DATA UNDER STUDY: Begin

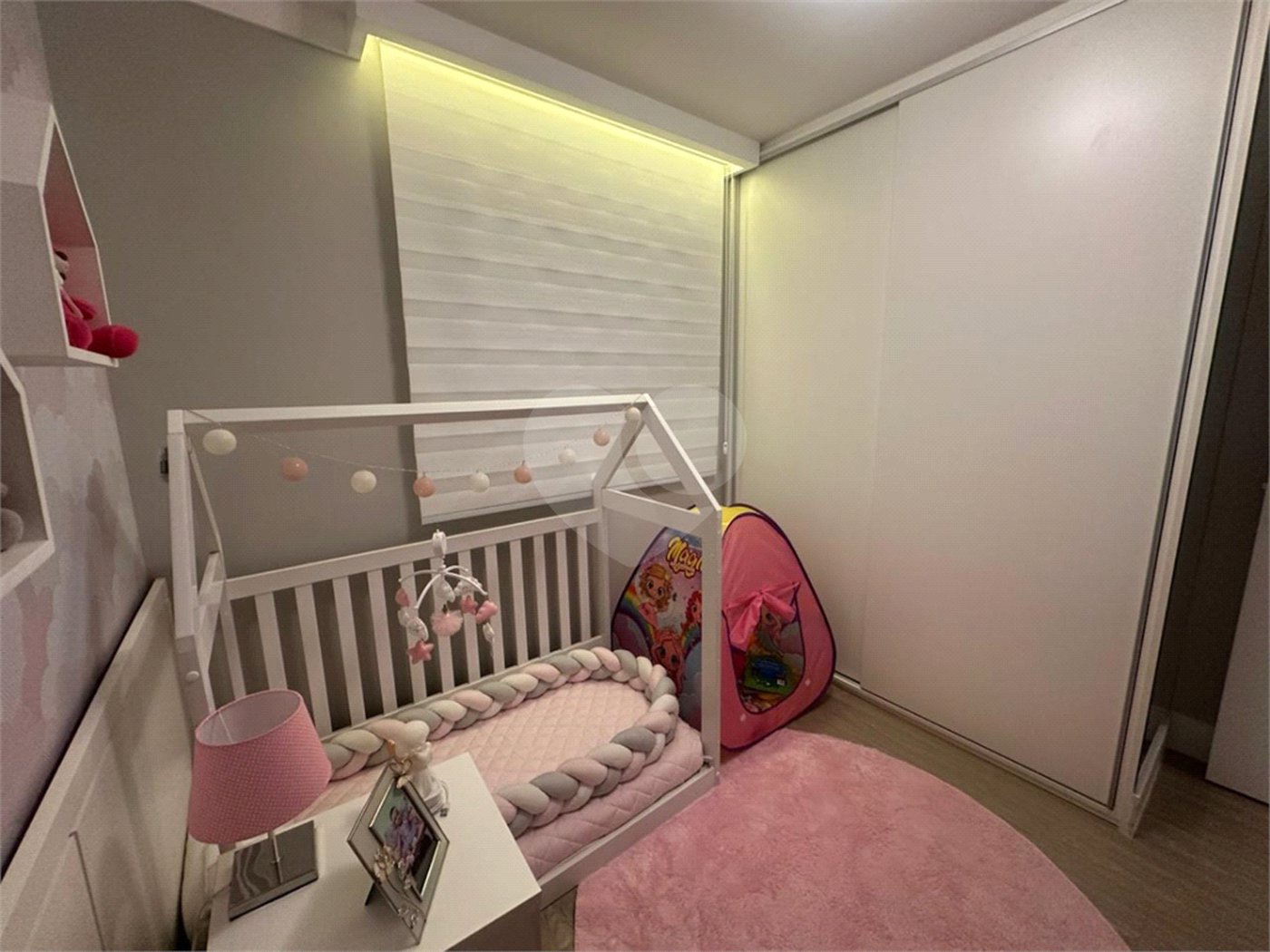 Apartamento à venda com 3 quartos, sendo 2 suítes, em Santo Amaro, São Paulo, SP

DATA UNDER STUDY: End
DATA UNDER STUDY: Begin

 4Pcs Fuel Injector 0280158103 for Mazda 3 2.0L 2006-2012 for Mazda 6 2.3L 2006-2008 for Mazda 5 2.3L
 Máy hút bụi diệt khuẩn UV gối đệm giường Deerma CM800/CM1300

DATA UNDER STUDY: End

YOUR OBJECTIVE: Copy out, exactly and alone, the lines of the entries above between the ones holding "4Pcs Fuel Injector" and "Máy hút bụi", inclusive.

ANSWER BOX:
 4Pcs Fuel Injector 0280158103 for Mazda 3 2.0L 2006-2012 for Mazda 6 2.3L 2006-2008 for Mazda 5 2.3L
 Máy hút bụi diệt khuẩn UV gối đệm giường Deerma CM800/CM1300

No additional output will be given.